Last week, yet another business trip to Bangkok, one of hundreds so that now Bangkok is somewhere between a second home and paradise. Anyhow, this time it was a gruelling one as I was part of a team of R&D professionals trying to solve a mysterious problem in one of our products. I spent quite a few days prior to the visit boning up on past work, and there were plenty of old R&D reports I could lay my hands on. Boss informed to ensure we could reproduce the problem i.e illuminate the problem so that the causative factors can be identified. I thought that was Catch 22, if I knew what the causative factors were, we could at least plan technical approaches to solving the problem. This is the funny thing about science. In some ways, it touts to rely on facts, facts and facts, but too often we have hypotheses or correlating factors. These are not root causes. In an industry like ours, the correlating factors are many, facts fewer to identify. This is not because there is not enough science, there is plenty but the systems are hard, non-equilibrium structures that cannot be tested non-destructively. Anyhow, so armed with hypotheses , I did a square dance with other R&D folks. We brain stormed and found some vague solutions. In the afternoon, we met up with business and we managed to push all the right buttoms , ask the real leading questions which miraculously shed light on some unforeseen issues - something about how we transport the products , store them, the chugs and halting stops and delays in a long, unpredictable supply chain...and viola we had a much smarter solution strategy than just "science" could suggest.
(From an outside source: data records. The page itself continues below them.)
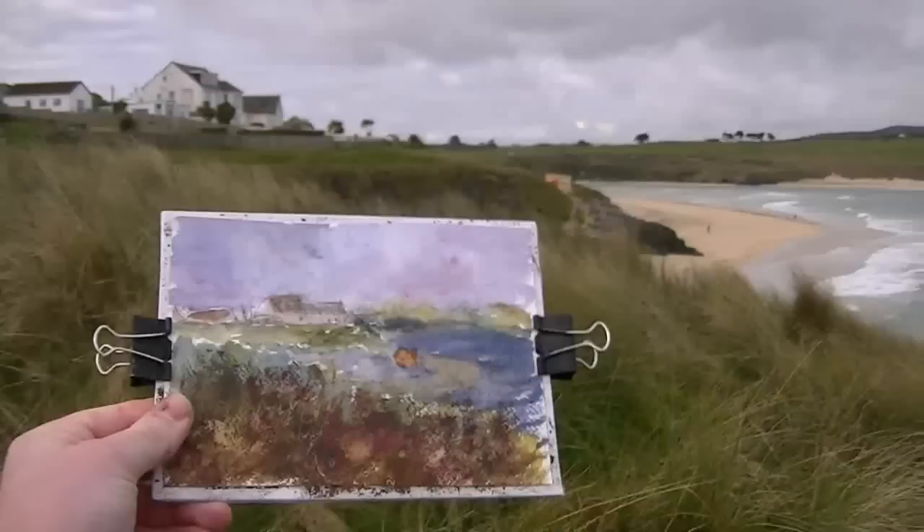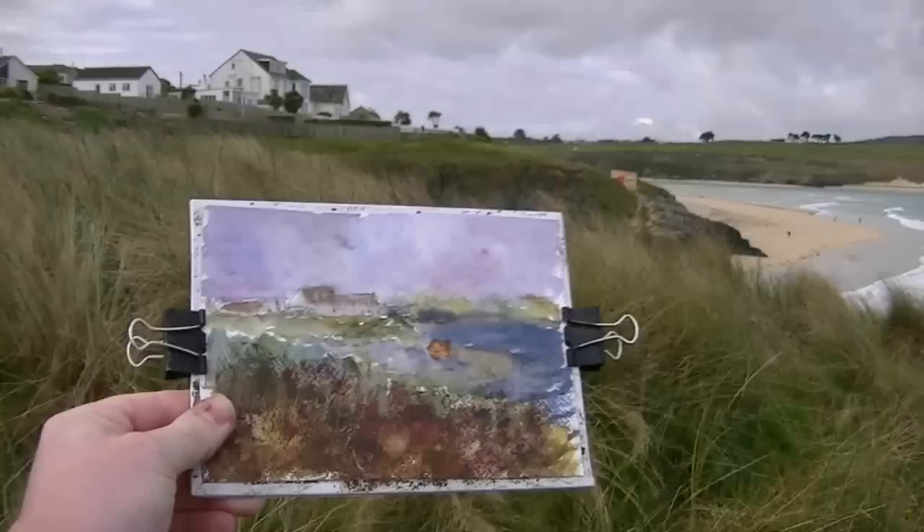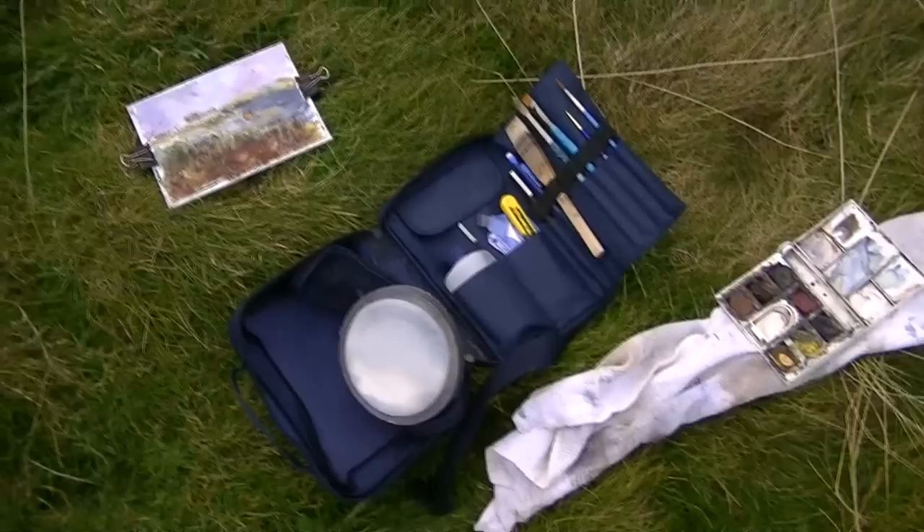Look at this pretty loose watercolour. Try to make the pub the focal point. Just got that little lighthouse further down the cliff.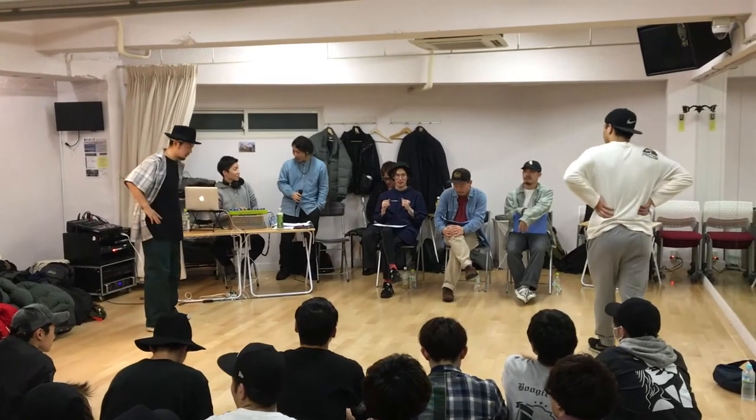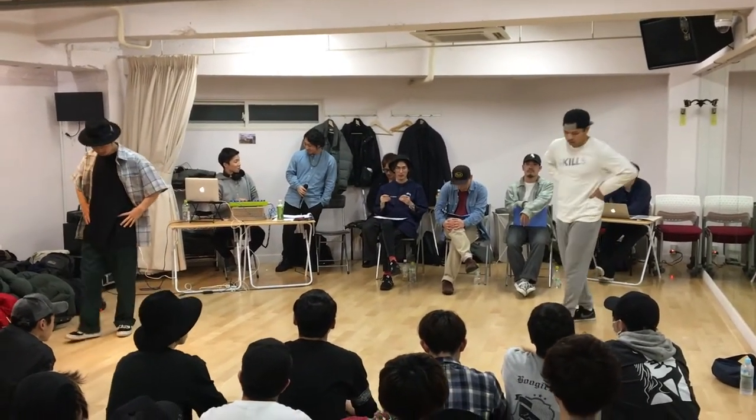Okay guys, here we go. What we're about to do right now is a simple popping and locking routine.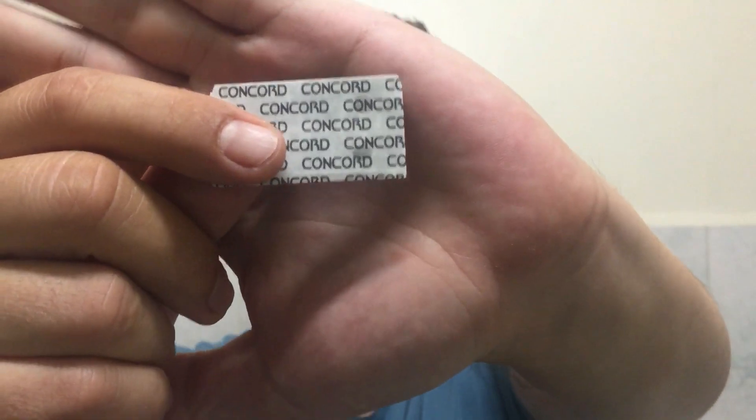Hi there guys, this is the Average Joe, and today I'm going to make a review of the Concord Platinum shave blades. This is how I got the blade — in my sample pack from Bulgaria. If you want to see what other blades I have received in that pack and haven't yet reviewed, I'm going to put a link in the description. If you want me to review one of them, please leave a comment.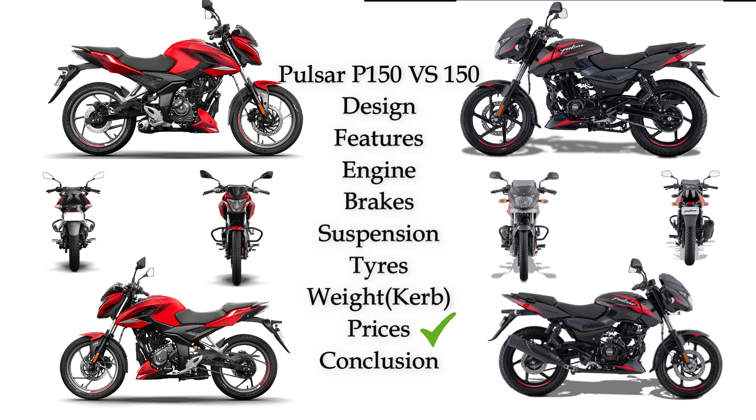For pricing: Pulsar P150 has 2 variants — single disc at ₹1,16,755 and twin disc at ₹1,19,757. Pulsar 150 has 3 variants — Neon at ₹1,44,448, single disc at ₹1,11,174, and double disc at ₹1,14,176.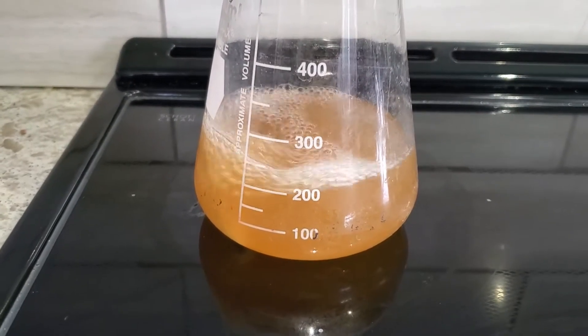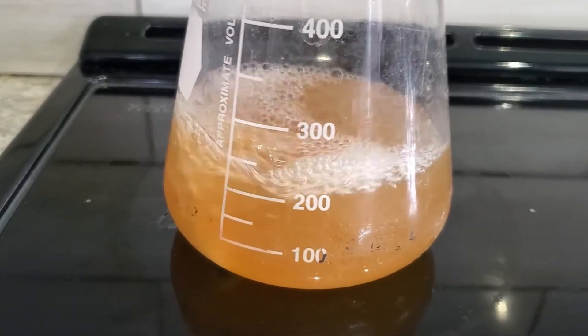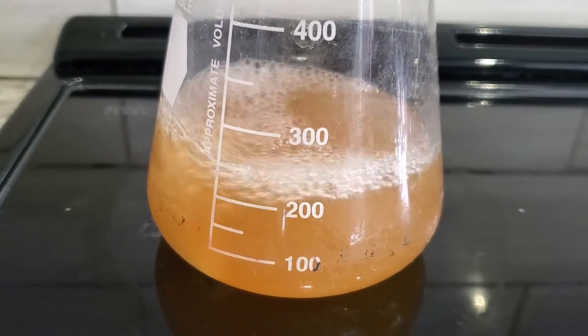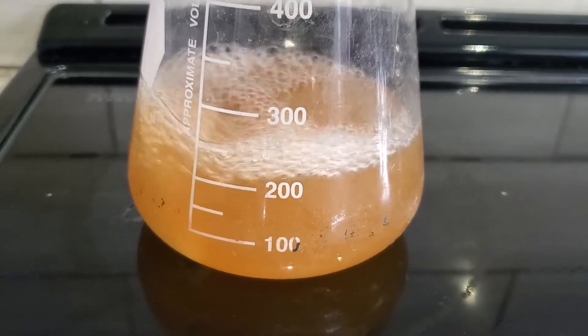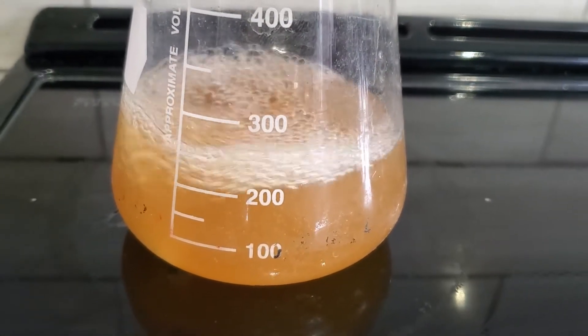I just hit a boil. I'm going to turn that down just a touch since it's a little more vigorous than I need, and I'll let it go for about 15 minutes, then turn it off. I'll let it cool down for a couple of hours on the stovetop out of the way, and then I'll toss it in the incubator.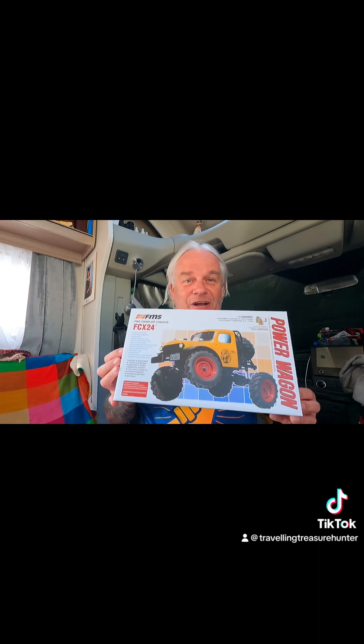So what this is going to be — it's another unboxing session, because I have just bought another car!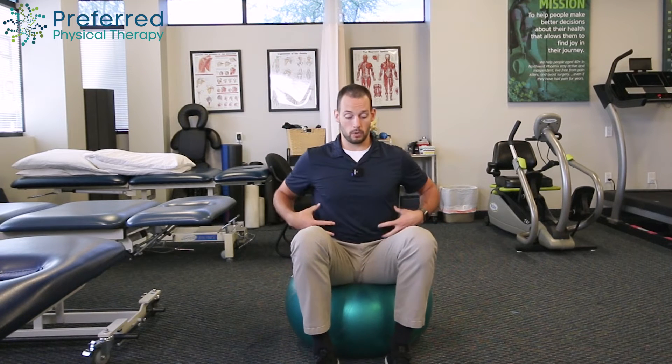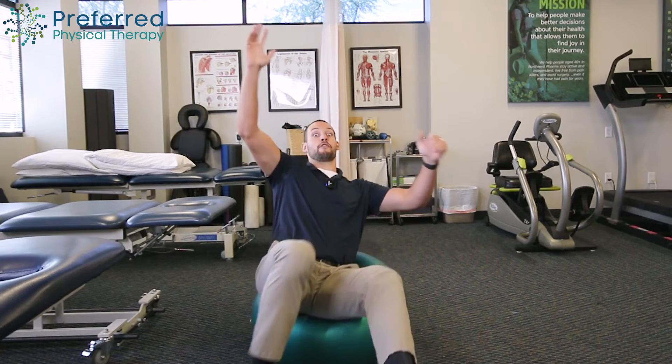This is going to work on our balance and our core strength. If we don't have that right kind of strength, we can regress that and go just the legs — just marching up and down. If we don't have enough stability, we might try to fall off, which won't be very good.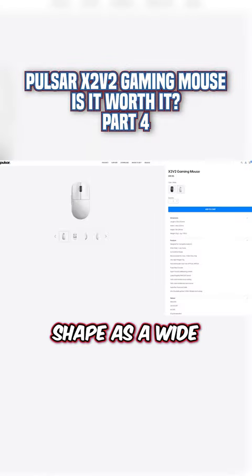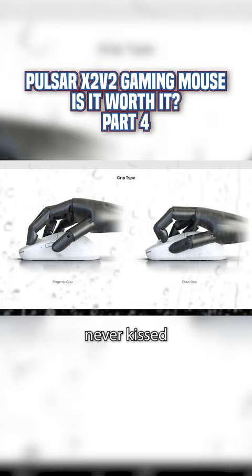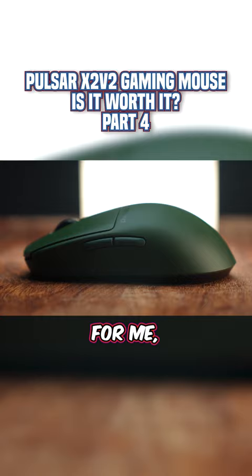Pulsar describes this shape as a wide waist low hump profile and lists the best grip styles for this mouse as fingertip or claw. The hump starts sloping up where the logo is visible from the top. I feel the hump mostly around the lower portion of my finger.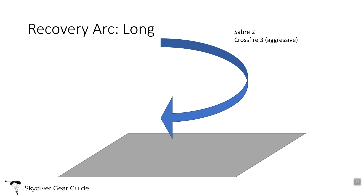Canopies with a longer recovery arc and steeper trim include the Saber 2, which is about medium trim and not super steep. The Crestfire 3 is steeper than the Crestfire 2, and the Katana from Performance Designs also has a longer recovery arc and is a steeper trim canopy.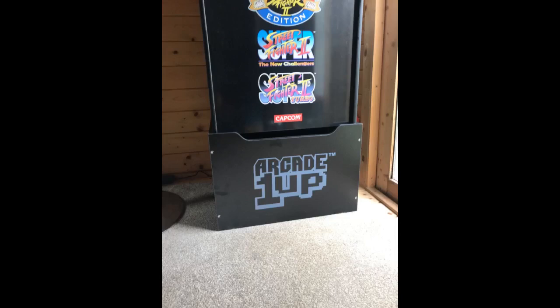Great product. I love how it adds height to my 1UP arcade machine and makes it more comfortable to play. That being said, don't pay $93 for it — go to Walmart's website and pay $39.99.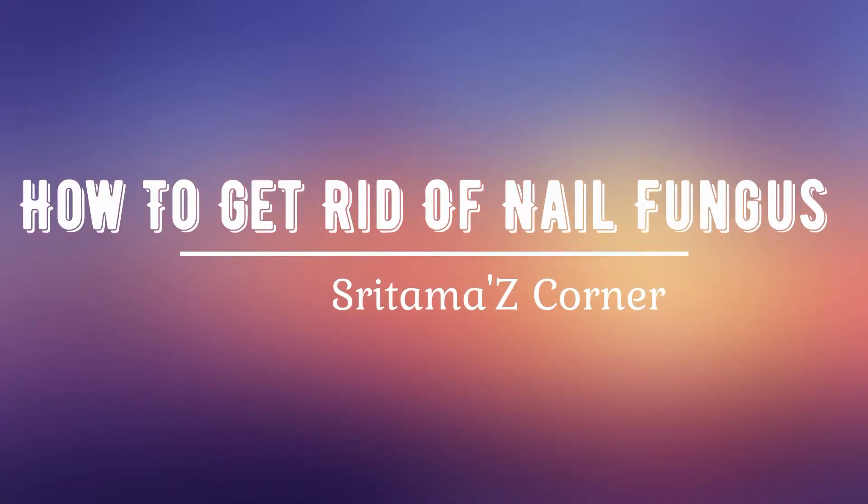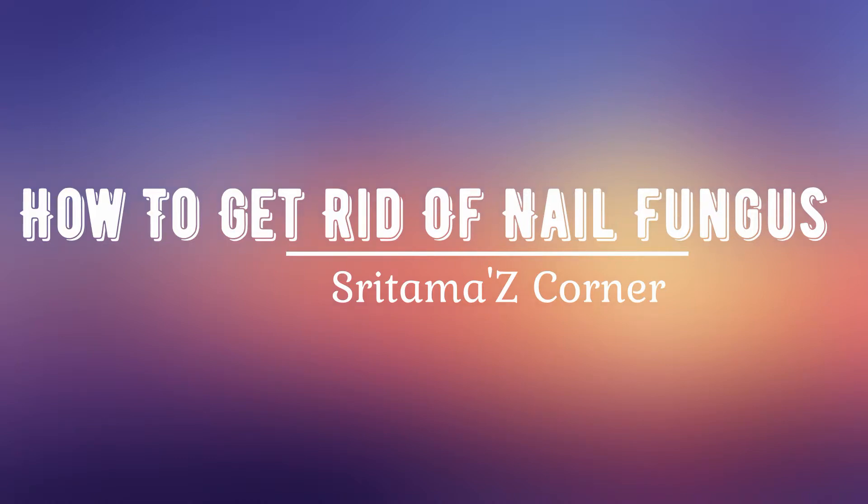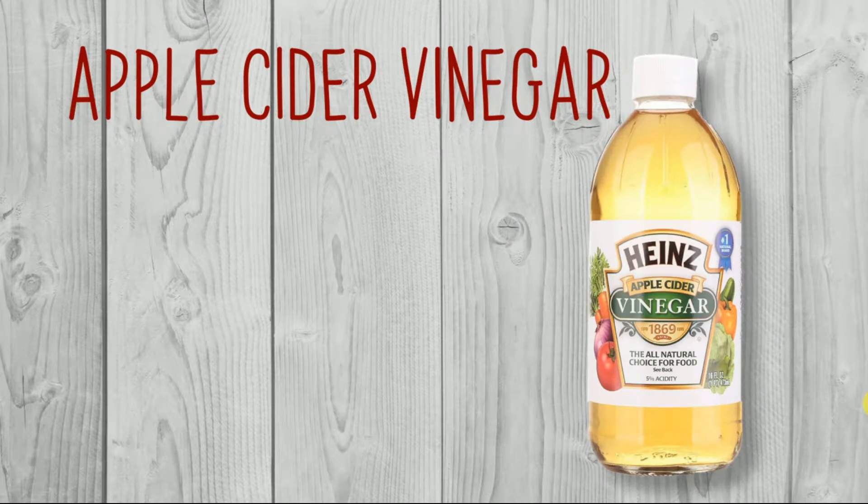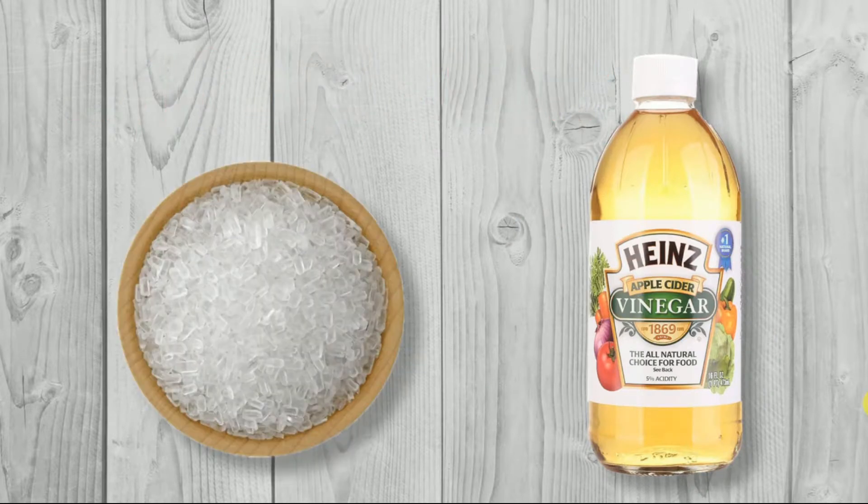In this video, I am going to share how to get rid of nail fungus. For this, you will need some Epsom salt and some apple cider vinegar. You have to take three cups of hot water and then add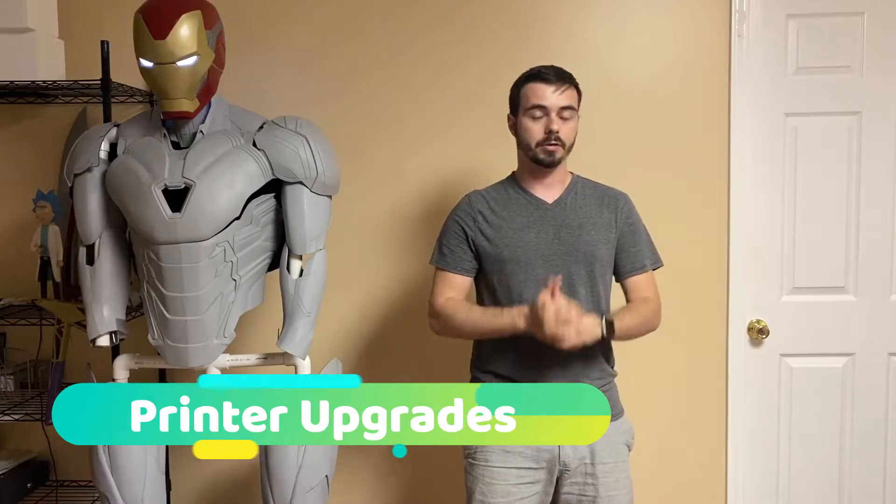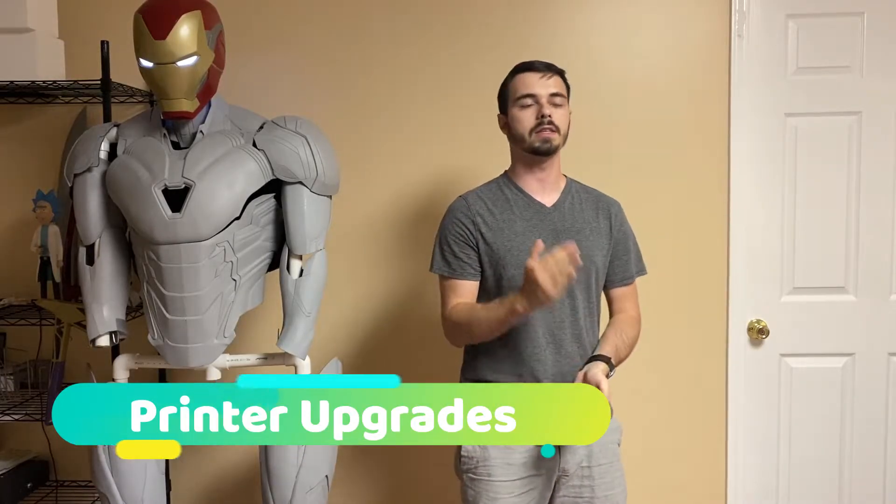The third mistake — I see this one all the time and it drives me nuts. Upgrades. People get this brand new 3D printer, and even before they get it, I see this all the time: 'I just ordered my 3D printer, it's going to be shipped in a couple weeks — what upgrades should I put on it?'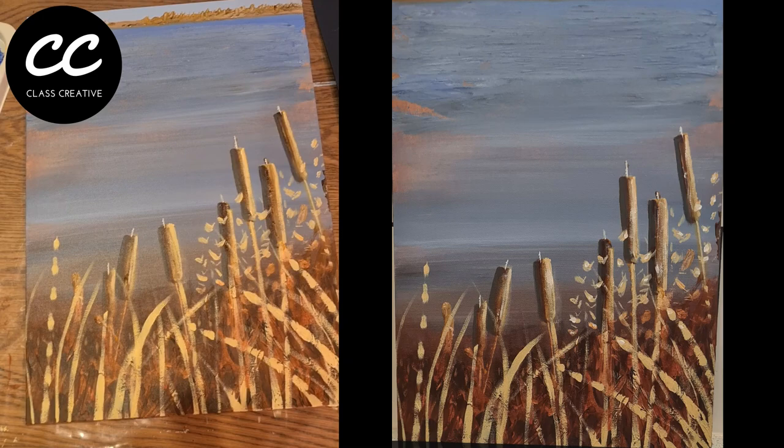When you feel you've finished, stop, pat yourself on the back, and admire your painting. Well done — thanks for watching this video and please subscribe to my channel to support. Thanks for watching guys!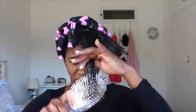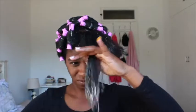I then repeat the whole process all over my head, focusing on more detangling just so that the definition is the best possible.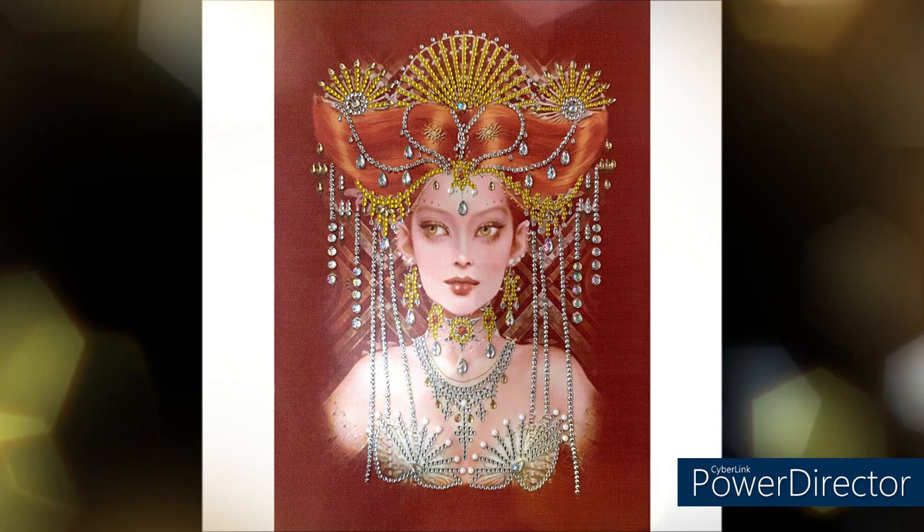Je la trouvais belle. Je vais remballer les perles — c'est surtout ça l'important pour ne pas se mélanger les pinceaux avec les autres kits. Comme d'habitude, je vais vous remettre à chaque fois la photo pour que vous voyez mieux le rendu, et je vais également vous mettre en barre d'infos les liens pour retrouver les kits et le lien de la boutique.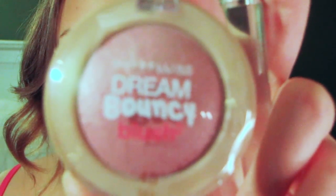Now going in with Maybelline's Dream Buoyancy Blush, I'm going to apply that to my cheeks. Set your foundation with press powder. Now taking a fan brush, apply highlighter to your cheekbones.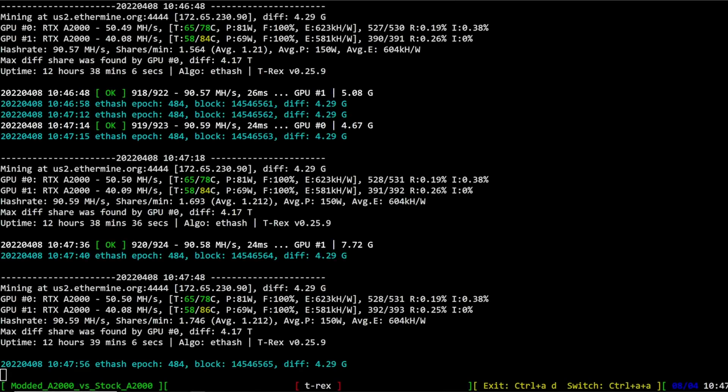Hey guys, RPM here. Hope y'all doing well and having a really great day. In this video, I wanted to do all the hash rates that we can on the RTX A2000, which has been re-padded, re-thermal pasted, and also modded.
We dont know if it works but in some sense the skies cleared a bit.
I think over my career and life as a scientist engineer, I am always humbled by how simple solutions can be if we shed the flab and examine the lucid details and look at problems holistically - if we only shed the pomposity of jargon and hiding behind strained constructs.
Same true of life, I suspect, though I am much too warped in my cloudy veil of unawareness: If Life can be viewed as series of "quality" problems that can only be solved when one views these in a context. These can be overcome and a more chiselled chapter of life can reveal itself if we realise how astonishingly simple thought should be.